Latin Themes, English Beat

In the early hours of Feb. 25, SíTV founder Jeff Valdez was holding his breath, anxiously watching seconds tick off an on-screen clock. His cable network, five years in the making, was finally about to launch. Valdez and his small staff were gathered on the SíTV soundstage, nervously nibbling their breakfast and waiting for the new English-language, Latino-themed channel to sign on at noon ET.

"I was praying the signal would come up," Valdez recalls. Luckily, it did.

Now Valdez and his team are fine-tuning their channel before kicking off a broad consumer marketing campaign in April. He says, "We want to make sure everything is tight."

SíTV plays to young, acculturated U.S. Hispanics. It makes original shows in its own studio, like The Rub, a sex and relationship talk show, and music show The Drop. SíTV will also produce most of its own non-scripted shows. Scripted series, mostly acquired, will boast Hispanic appeal, like New York Undercover
and comedy Malcolm & Eddy. For now, the channel rotates an eight-hour wheel of programming through the day and plans to expand soon.
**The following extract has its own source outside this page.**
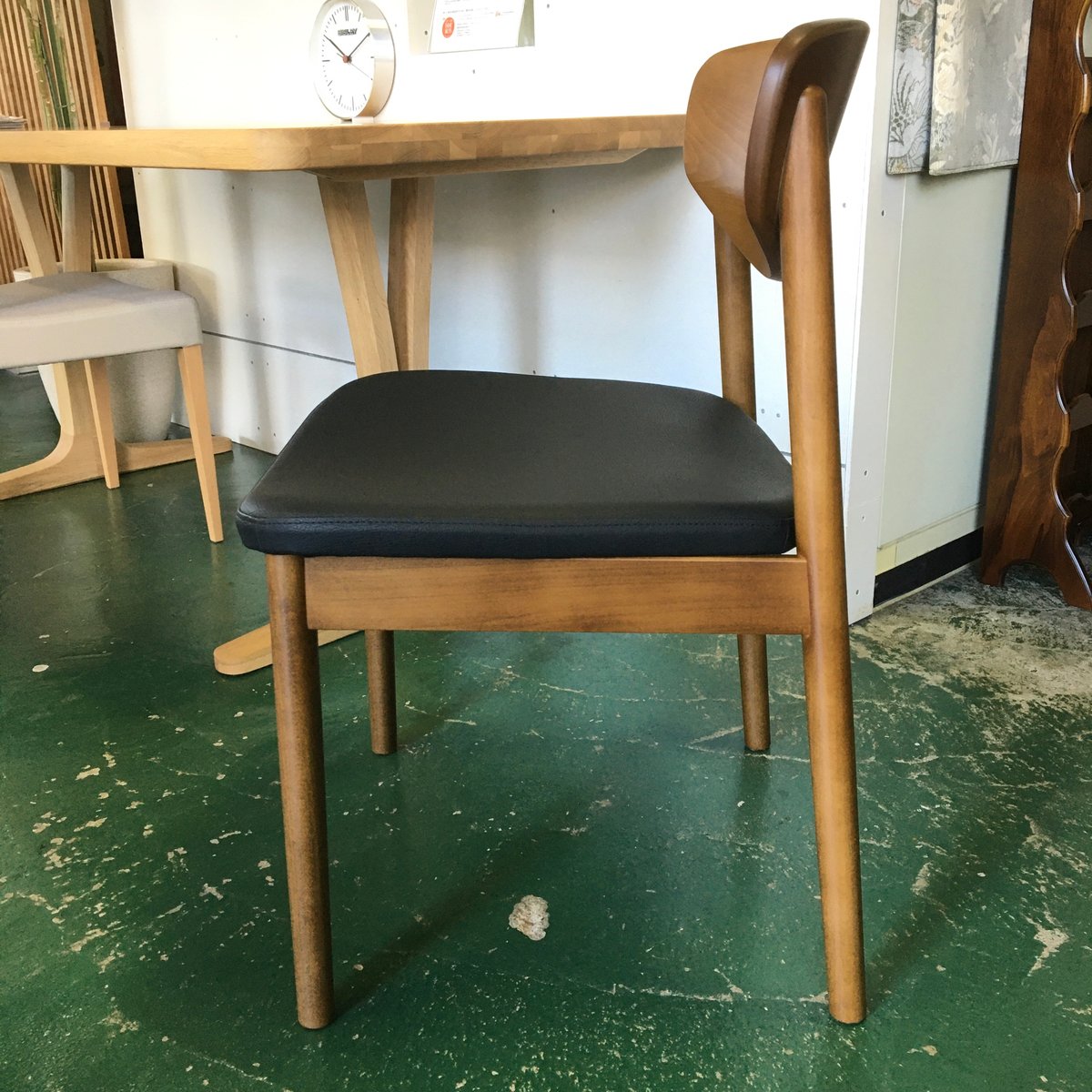 ディスプレイ品】カリモク家具 食堂椅子CW5615I317 | SUSTAINABLE FU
With the U.S. Hispanic population surging past 40 million, this hybrid model, designed to attract English-speaking and bilingual Hispanics, will likely grow. Just last month, a new entrant, the Voy network, unveiled plans to launch in July as an English-language, Hispanic-themed lifestyle network. NBC-owned Mun2 already programs a mix of English- and Spanish-language fare. And syndicator AIM Tell-A-Vision buys time on local stations to air its Urban Latino TV
show, targeting what President Robert Rose calls "the fastest-growing untapped market in the U.S." So far, of cable networks targeting this crossover audience, SíTV is the category leader. It has deals for digital basic carriage on big MSOs—notably Comcast, Cox, and Time Warner—and a spot on EchoStar's Dish Network's most widely distributed tier.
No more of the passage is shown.